**REQUIRED ACTION:**
Pick every line out of the entries below that holds the string "Certified", and report them.

Items from a data source
_ _ _ _
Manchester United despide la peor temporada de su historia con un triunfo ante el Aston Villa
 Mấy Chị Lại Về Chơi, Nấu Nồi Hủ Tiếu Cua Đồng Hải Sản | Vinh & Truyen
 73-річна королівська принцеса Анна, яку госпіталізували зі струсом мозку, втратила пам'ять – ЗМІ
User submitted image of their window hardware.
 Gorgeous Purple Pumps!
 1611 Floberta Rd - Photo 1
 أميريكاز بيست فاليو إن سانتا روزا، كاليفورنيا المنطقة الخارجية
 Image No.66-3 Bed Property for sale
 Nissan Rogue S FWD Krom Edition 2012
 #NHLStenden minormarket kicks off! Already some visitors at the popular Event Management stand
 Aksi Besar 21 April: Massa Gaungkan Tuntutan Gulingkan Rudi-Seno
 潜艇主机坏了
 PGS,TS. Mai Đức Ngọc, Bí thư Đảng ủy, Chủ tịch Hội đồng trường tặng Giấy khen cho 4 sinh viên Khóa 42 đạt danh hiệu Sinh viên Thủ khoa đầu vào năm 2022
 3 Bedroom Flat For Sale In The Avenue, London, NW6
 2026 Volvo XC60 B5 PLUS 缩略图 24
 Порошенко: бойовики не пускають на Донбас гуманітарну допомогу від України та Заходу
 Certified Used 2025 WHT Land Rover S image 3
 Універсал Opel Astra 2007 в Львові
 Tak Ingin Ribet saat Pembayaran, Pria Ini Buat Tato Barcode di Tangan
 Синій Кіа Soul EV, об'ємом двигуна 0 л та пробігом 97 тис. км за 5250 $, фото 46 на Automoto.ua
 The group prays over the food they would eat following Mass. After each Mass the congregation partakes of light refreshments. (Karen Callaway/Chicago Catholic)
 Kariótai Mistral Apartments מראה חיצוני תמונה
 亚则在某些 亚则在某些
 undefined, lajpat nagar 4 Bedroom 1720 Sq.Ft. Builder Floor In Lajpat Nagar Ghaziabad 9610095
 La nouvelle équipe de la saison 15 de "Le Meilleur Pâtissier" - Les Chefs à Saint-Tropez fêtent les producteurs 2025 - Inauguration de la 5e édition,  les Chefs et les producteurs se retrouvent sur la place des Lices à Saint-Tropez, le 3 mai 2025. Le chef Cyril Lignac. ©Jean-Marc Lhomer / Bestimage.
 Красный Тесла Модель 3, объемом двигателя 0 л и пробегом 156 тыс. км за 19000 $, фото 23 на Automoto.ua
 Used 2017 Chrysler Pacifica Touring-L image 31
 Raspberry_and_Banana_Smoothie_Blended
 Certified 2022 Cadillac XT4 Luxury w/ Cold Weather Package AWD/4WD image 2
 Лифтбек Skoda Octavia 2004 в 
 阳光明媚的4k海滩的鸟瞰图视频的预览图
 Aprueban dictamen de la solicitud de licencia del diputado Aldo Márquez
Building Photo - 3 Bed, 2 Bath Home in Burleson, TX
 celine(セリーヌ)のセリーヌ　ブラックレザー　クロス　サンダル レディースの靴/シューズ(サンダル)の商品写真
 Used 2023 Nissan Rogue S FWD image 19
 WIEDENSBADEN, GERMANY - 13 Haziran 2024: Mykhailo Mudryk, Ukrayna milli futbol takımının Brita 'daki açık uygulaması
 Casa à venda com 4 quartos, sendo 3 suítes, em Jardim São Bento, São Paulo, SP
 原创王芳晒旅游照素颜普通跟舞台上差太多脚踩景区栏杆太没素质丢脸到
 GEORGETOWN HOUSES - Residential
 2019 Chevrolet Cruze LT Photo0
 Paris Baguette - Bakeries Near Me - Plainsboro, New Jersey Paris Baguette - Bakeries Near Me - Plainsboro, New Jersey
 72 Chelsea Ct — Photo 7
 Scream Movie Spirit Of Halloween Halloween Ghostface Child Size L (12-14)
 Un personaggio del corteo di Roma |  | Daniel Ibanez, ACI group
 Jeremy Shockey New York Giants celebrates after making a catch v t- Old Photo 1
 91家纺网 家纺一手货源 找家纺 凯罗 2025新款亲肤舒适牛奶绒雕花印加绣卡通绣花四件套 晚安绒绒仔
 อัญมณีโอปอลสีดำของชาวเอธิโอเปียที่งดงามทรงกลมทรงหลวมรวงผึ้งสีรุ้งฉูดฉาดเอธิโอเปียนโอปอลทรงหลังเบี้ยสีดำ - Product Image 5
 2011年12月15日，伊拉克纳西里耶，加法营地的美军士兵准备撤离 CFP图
_ _ _ _
**ANSWER:**
 Certified Used 2025 WHT Land Rover S image 3
 Certified 2022 Cadillac XT4 Luxury w/ Cold Weather Package AWD/4WD image 2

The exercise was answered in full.